Provided material:

====

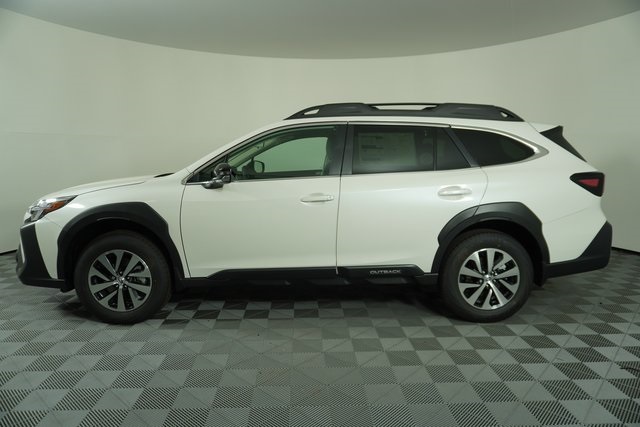 2025 Subaru Outback Premium photo 3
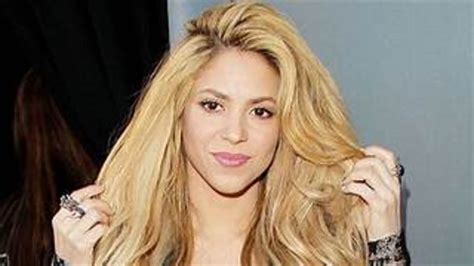 Shakira Pronta A Patteggiare Contro Laccusa Di Frode Fiscale In Spagna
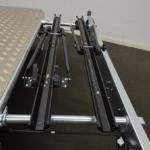 Debon Roadster Camp 3 Motortrailer Camper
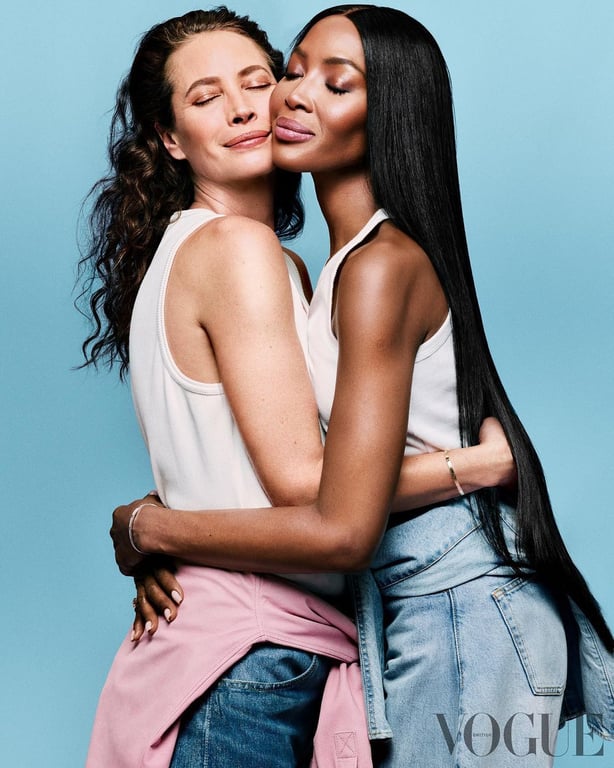 Читачі засудили Vogue за ейджизм - фото 2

====

Your assignment: What you give back must match the material word for word, with no images included.

Answer section:
 2025 Subaru Outback Premium photo 3
 Shakira Pronta A Patteggiare Contro Laccusa Di Frode Fiscale In Spagna
 Debon Roadster Camp 3 Motortrailer Camper
 Читачі засудили Vogue за ейджизм - фото 2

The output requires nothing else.